Y tal vez no tarde mucho en tener que rehacer mis aficiones, porque ya no va a ser tan fácil bañarse en un lago o cargar la cantimplora con agua de la fuente, porque ambos van a estar secos.
A través del twitter de Óscar Martín me llega el informe sobre la desertización que está afectando ya, dramáticamente, el sur de la Península Ibérica, desde Lisboa hasta Alicante. Y sube.
Greenpeace me avisa sobre la invasión de plástico que sufren los océanos, el que producimos, despilfarramos, usamos como arma letal contra la vida marina y, además, nos lo tragamos atomizado en pedacitos casi invisibles.
Leo una entrevista a Eudald Carbonell en que alerta sobre el colapso de la humanidad al que nos estamos acercando velozmente, como consecuencia de un modo de producción y de vida profundamente injusto.
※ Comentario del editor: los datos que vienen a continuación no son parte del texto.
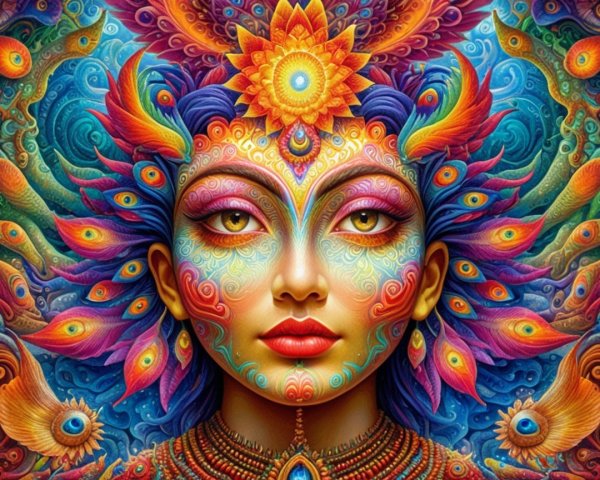 Vibrant Portrait of a Woman with Intricate Patterns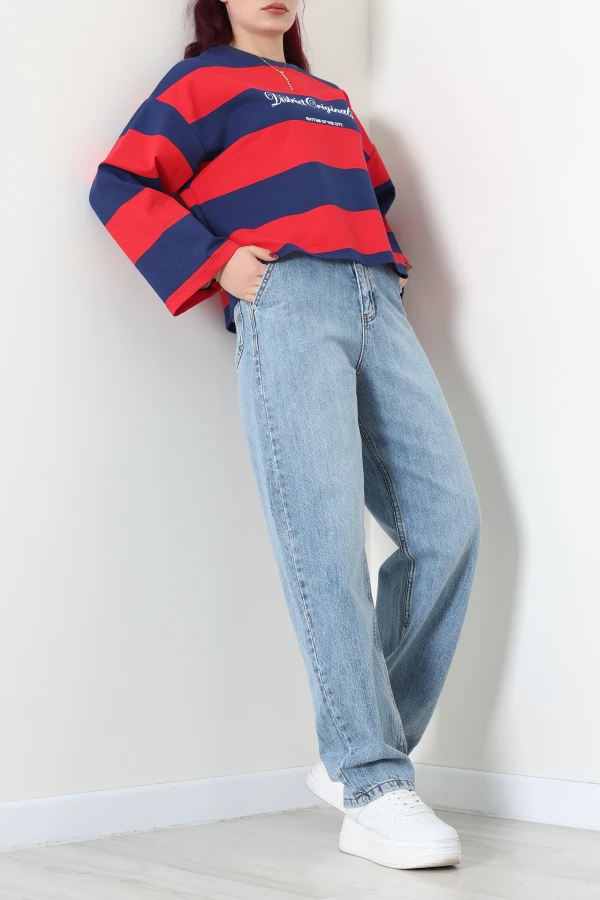 Kadın Açık Mavi Baggy Fit Yüksek Bel Kot Pantolon 5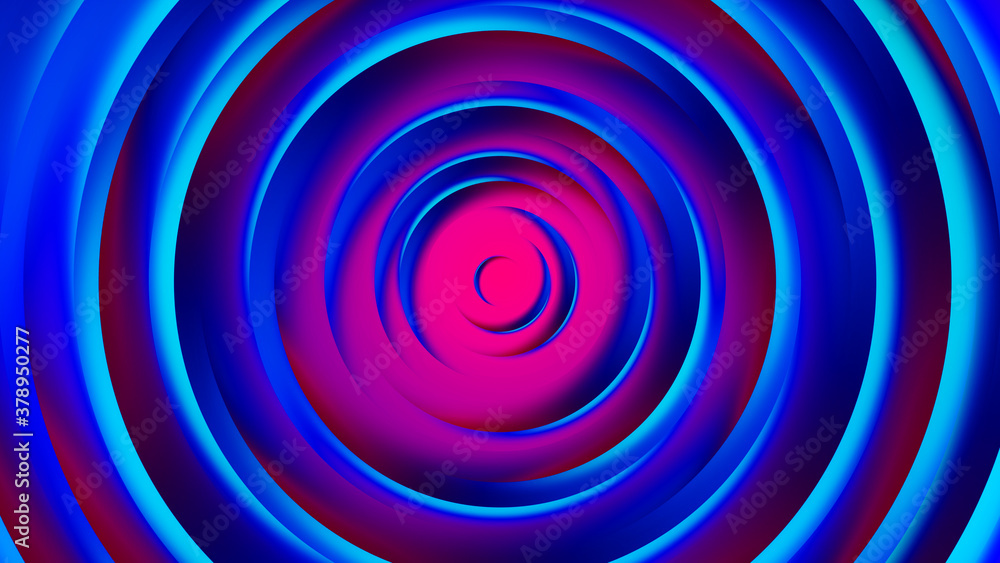 Obraz premium Pink purple neon circles abstract background.3D illustration with paper cut style.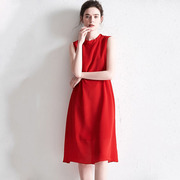 高端春夏季欧美宽松裙子，时尚气质红色真丝无袖，背心a字连衣裙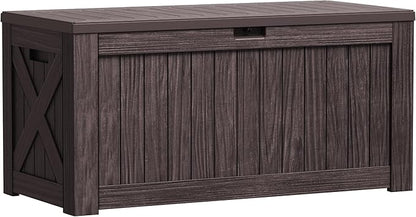 Deck Box 120 Gallon Outdoor Storage Bin with Lid, Dark Brown Resin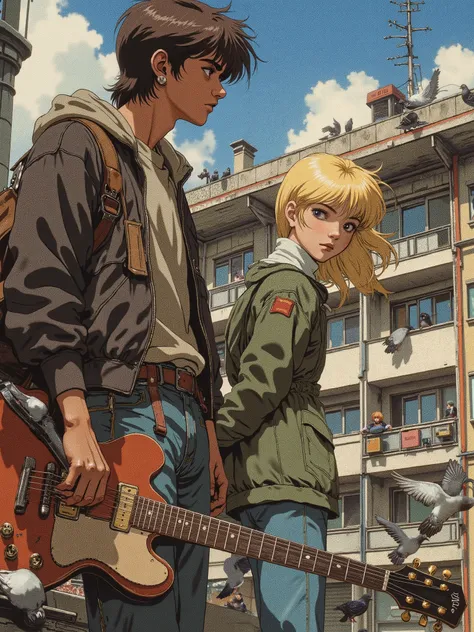 brown-skinned boy, fourteen years old , with dark brown hair and brown eyes, with an ear piercing, in a sweatshirt, jeans and black jacket, with a guitar and a girl about thirteen, with blond hair and brown eyes, in a short green windbreaker, turtleneck an...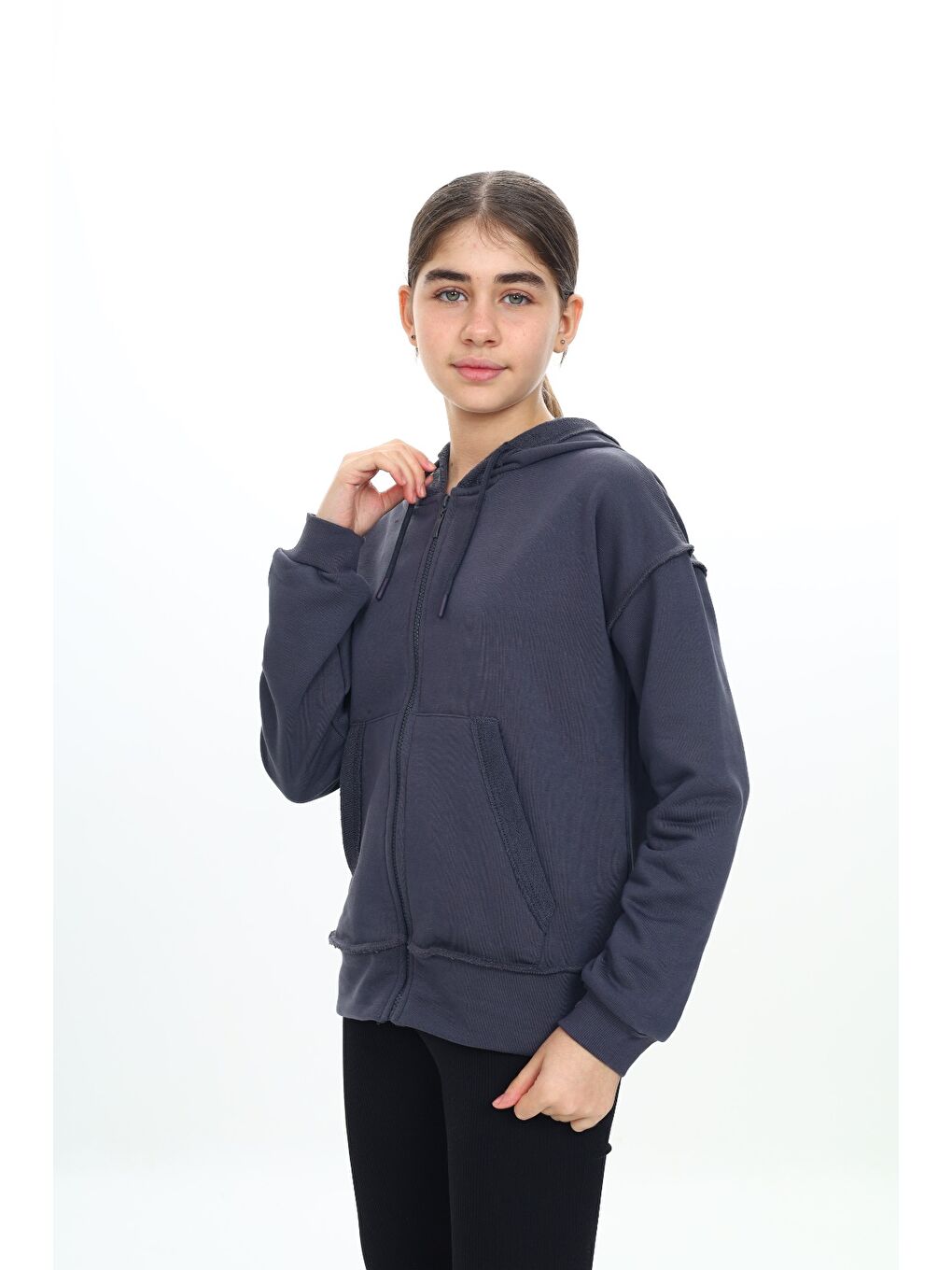 Gri Kız Çocuk Kapüşonlu Hırka-1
Y finalmente, a través del diario Ara salta la noticia sobre dos investigaciones diferentes, publicadas en la revista Nature Climate Change, que confirman que el calentamiento global ya nos está llevando al desastre ambiental irreversible.
Por eso me parece, desde la placidez del baño en el lago Bersau del Pirineo atlántico francés, que estoy en los últimos momentos del paraíso. Doy gracias por ello. Pero el miedo ya no me lo quita nadie.